═══ RECORDS PROVIDED
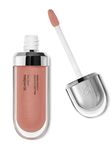 KIKO MILANO 3D HYDRA LIPGLOSS УВЛАЖНЯЮЩИЙ БЛЕСК ДЛЯ ГУБ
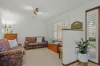 22 Raglan Street, Carey Park, WA 6230-Image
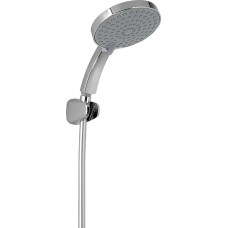 Душевой гарнитур Jacob Delafon Citrus E12979-CP 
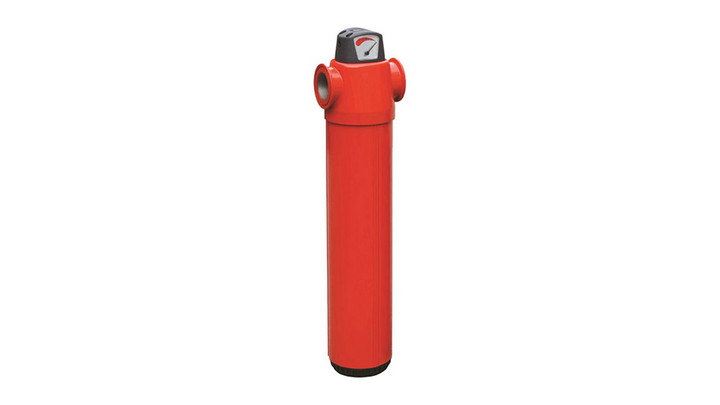 Магистральный фильтр <br> GO 2220 MP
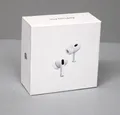 Apple AirPods Pro 2. Generation MagSafe Ladecase mit USB-C Anschluss weiß Neu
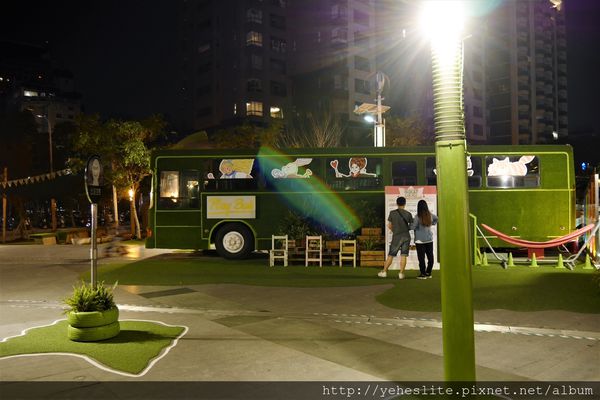 P1050931.JPG P1050931.JPG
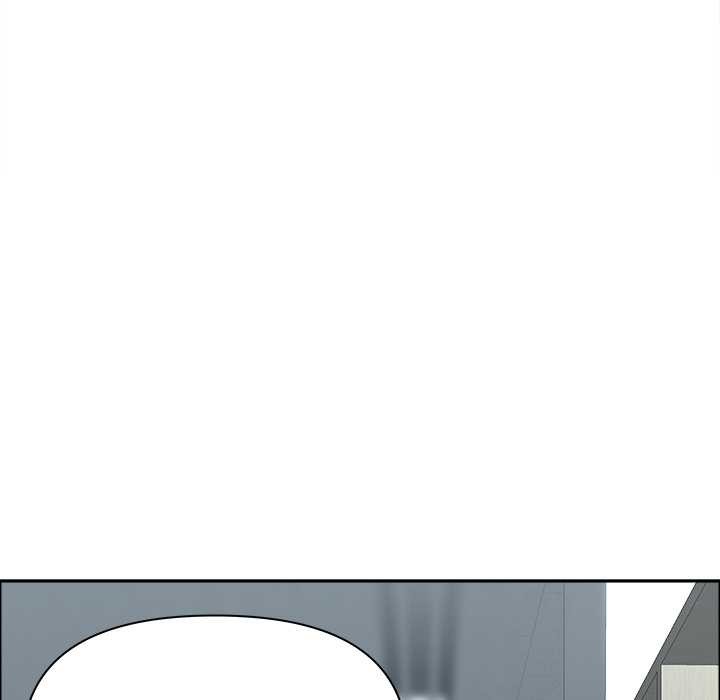 最强男人第56話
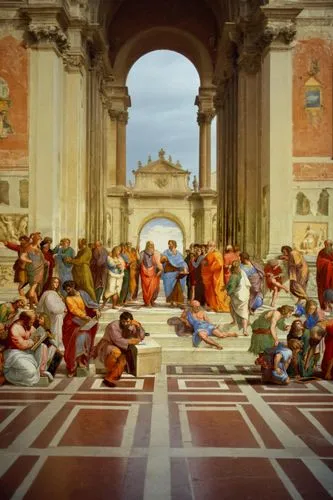 renacimiento florencia italia,school of athens,the death of socrates,greek in a circle,musei vaticani,vittoriano,apollo and the muses,classical antiquity,ancient rome,sistine chapel,roman history,the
══════
**YOUR INSTRUCTIONS:** What you return should be the entries from above, unchanged and without their images.

**ANSWER AREA:**
 KIKO MILANO 3D HYDRA LIPGLOSS УВЛАЖНЯЮЩИЙ БЛЕСК ДЛЯ ГУБ
 22 Raglan Street, Carey Park, WA 6230-Image
 Душевой гарнитур Jacob Delafon Citrus E12979-CP 
 Магистральный фильтр <br> GO 2220 MP
 Apple AirPods Pro 2. Generation MagSafe Ladecase mit USB-C Anschluss weiß Neu
 P1050931.JPG P1050931.JPG
 最强男人第56話
 renacimiento florencia italia,school of athens,the death of socrates,greek in a circle,musei vaticani,vittoriano,apollo and the muses,classical antiquity,ancient rome,sistine chapel,roman history,the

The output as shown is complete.